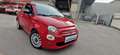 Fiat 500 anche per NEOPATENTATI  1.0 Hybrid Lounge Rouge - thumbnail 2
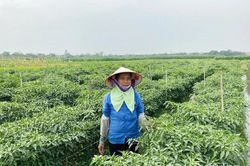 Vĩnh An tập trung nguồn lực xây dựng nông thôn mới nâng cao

* * *

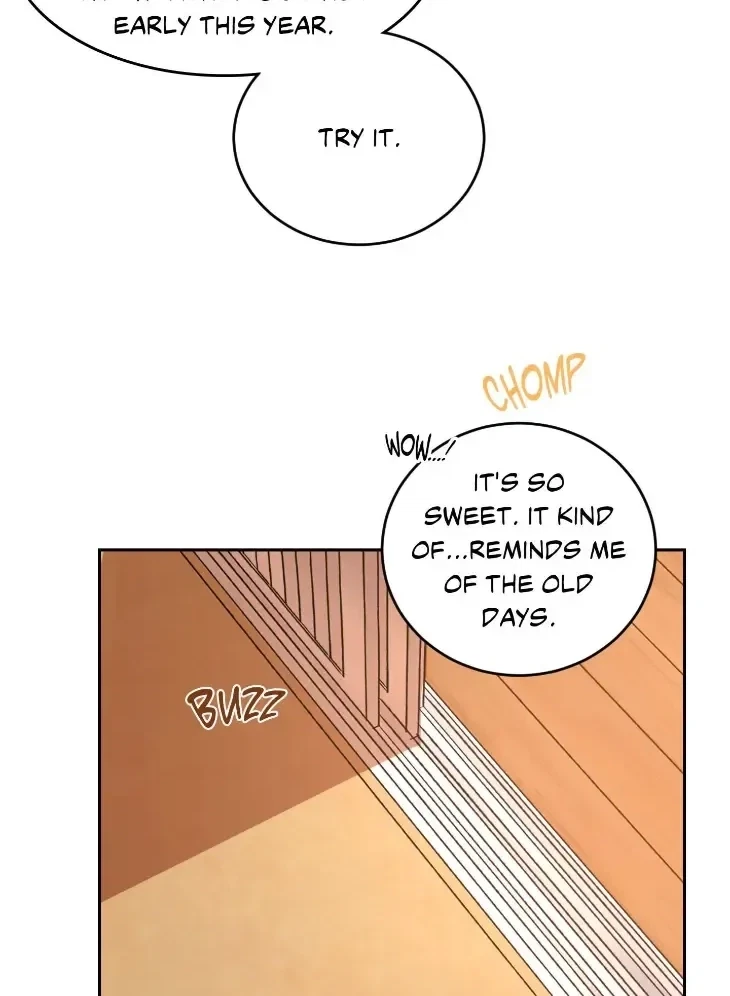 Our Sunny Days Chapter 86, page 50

[Prompt]
Within the listing above, the lines starting at the one containing "Fiat 500 anche" and ending at the one containing "Vĩnh An tập" are to be returned exactly. Omit the pictures.

[Response to the task]
 Fiat 500 anche per NEOPATENTATI  1.0 Hybrid Lounge Rouge - thumbnail 2
 Vĩnh An tập trung nguồn lực xây dựng nông thôn mới nâng cao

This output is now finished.